É igualmente notável, no entanto, que esse clamor, via de regra, é feito com ressalvas. Utilizando o debate econômico brasileiro como referência, notamos que a linha argumentativa que mais vem reverberando é aquela que defende uma atuação conjunta entre Estado e Mercado, ou, em termos menos mitológicos, gestores políticos e gestores econômicos (principalmente gestores de grandes empresas e instituições financeiras).
Na prática, essa atuação conjunta aconteceria com uma clara e indispensável separação de papéis. O Estado entraria com crédito e incentivos, enquanto os gestores econômicos desenvolveriam e executariam os projetos. Com alguma boa vontade, poderíamos dizer que o protagonismo estaria sendo dividido. Numa analogia esportiva, podemos dizer, no entanto, que os pontos (ou os gols) ainda seriam marcados pelos gestores das grandes empresas. E mesmo quando olhamos para a chamada “bidenomics”, ainda que o problema de fundo - a estagnação econômica - seja reconhecido, ainda parece forçoso apontar uma influência do gerencialismo chinês na sua concepção
Cabe inclusive reforçar que, ainda que estejamos falando em gestores políticos de um lado e gestores econômicos de outro, há uma grande distância entre este “gerencialismo” e o “gerencialismo burnhamita”. Enquanto, no segundo, a planificação da atividade econômica é um ponto decisivo, no “gerencialismo realmente existente” a regra é a planificação atomística (planejamento empresarial realizado nos limites da própria empresa) e a “desplanificação social”.
Em termos mais precisos, o funcionamento típico do modo de produção capitalista pauta-se pelo mecanismo regulador impessoal do mercado (lastreado no valor). Isso implica no fato de que o planejamento empresarial, ainda que feito meticulosamente, esbarra nas incertezas inerentes ao funcionamento do modo de produção capitalista. Desse modo, quando o Estado se limita à função de incentivar a atividade econômica - ainda que o faça com cifras maiores que no passado -, isso, por si só, nem mesmo arranha o funcionamento desse modo de produção.
Parece-nos, portanto, que ainda que a realidade econômica crie fortes incentivos para que novas ideias surjam e se materializem em novas ações, o pragmatismo dos gestores políticos, até o presente momento, não parece diminuir, mas apenas esboçar um ajuste a um contexto diferente. Milanović, por outro lado, parece antever o fracasso desse ajuste e, consequentemente, a necessidade de abertura para outras fórmulas gerenciais. E o modelo chinês seria a inspiração óbvia.

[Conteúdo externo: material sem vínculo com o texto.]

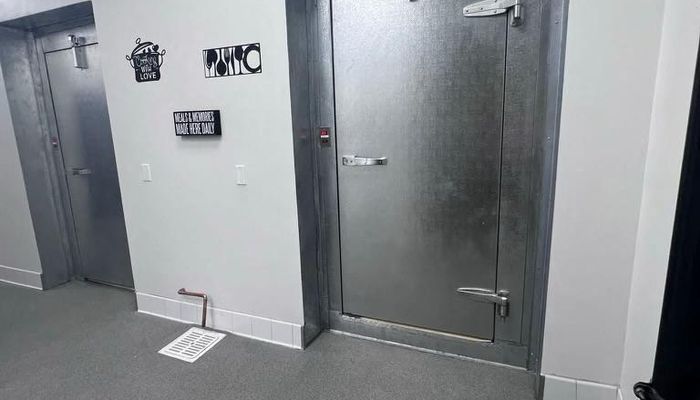 Warehouse Space for Rent at 1100 E 14TH PL Los Angeles, CA 90021 - #6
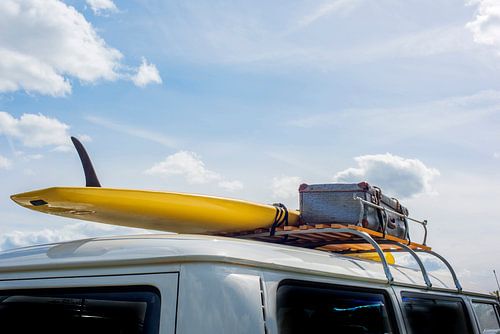 Retro bus met surfplank en koffer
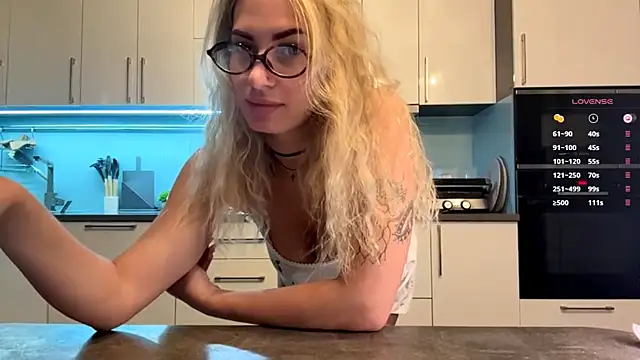 SoftnessMila online show from 25, 4, 2026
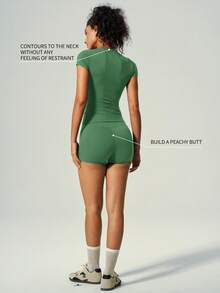 UONNOU Pocket Workout Set, Crew Neck Top & Peach Lifting Seamless Shorts - Green - View 3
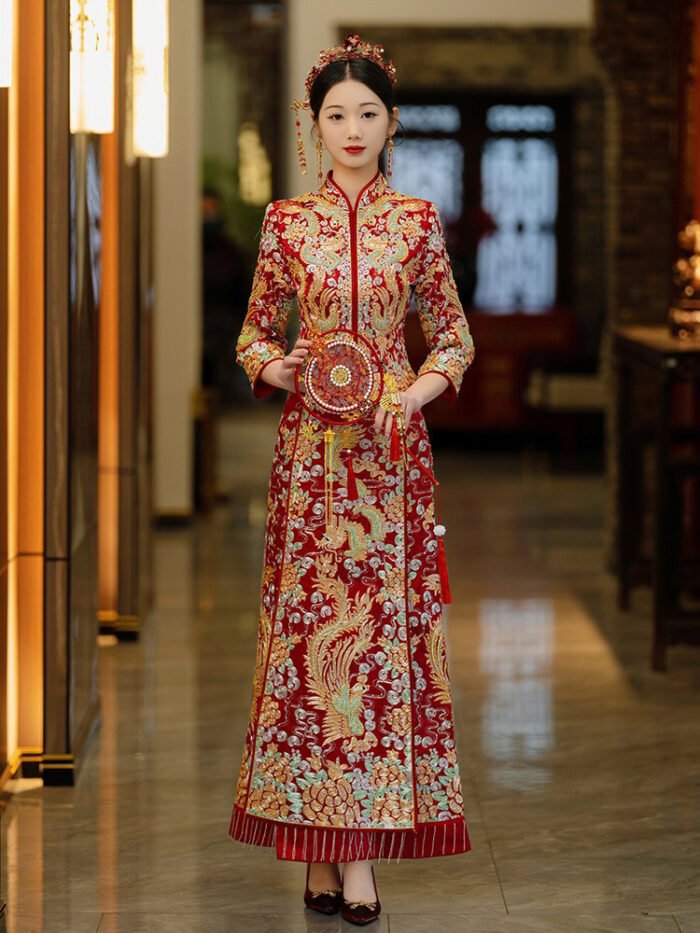 Chinese Traditional Wedding Qun Kwa Embroidered Dragon Phoenix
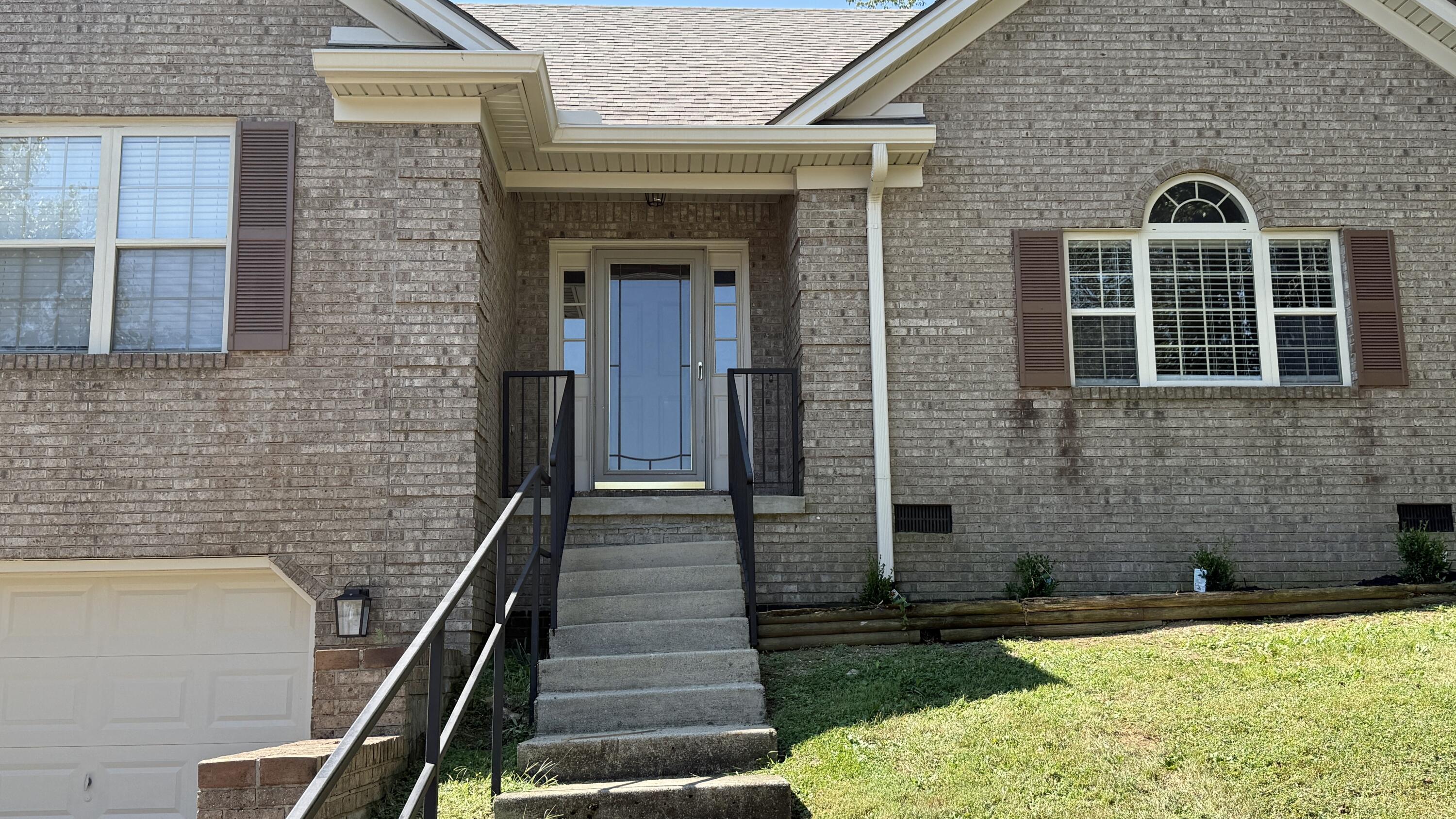 372 Reynolds Drive Property Photo 4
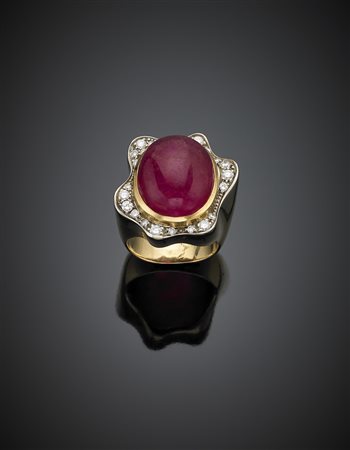 Anello in oro giallo e bianco con diamanti rotondi a contornare un quarzo...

Além disso, a histeria gerada diante da necessidade de regular novas atividades (como, em especial, o caso da Inteligência Artificial), condiciona os gestores políticos a adotarem linhas de ação mais duras e, portanto - ao menos no nível discursivo -, contribuem para a impressão de que o Estado está se agigantando. Na prática, no entanto, pelo menos até o presente momento, a ação regulatória dos Estados mais diretamente envolvidos com o desenvolvimento da IA têm sido marcada pela cautela e também por uma certa lentidão. Essa lentidão contrasta com recorrentes manifestações de preocupação, tanto por gestores quanto por pesquisadores atuando no desenvolvimento da Inteligência Artificial (inclusive, já nos referimos, neste blog, aos “Gestores do Apocalipse” e voltaremos a eles em breve).
Em síntese, de um lado, os desafios econômicos e a urgência em regular novas atividades criam um cenário favorável para a defesa de modelos de ação mais gerencial. Ou, em outras palavras, os riscos da paralisia organizativa, diante da conjuntura econômica e do avanço tecnológico, parecem impor consequências muito mais assustadoras do que as ameaças trazidas pelos velhos fantasmas que acompanham a ideia de “gerencialismo” (comunismo, burocracia, etc.). Por outro lado, há ainda poucos indícios que a ação dos gestores políticos esteja em vias de protagonizar uma grande reviravolta. Paira, portanto, a dúvida se as ameaças impostas serão capazes de reverter essa paralisia.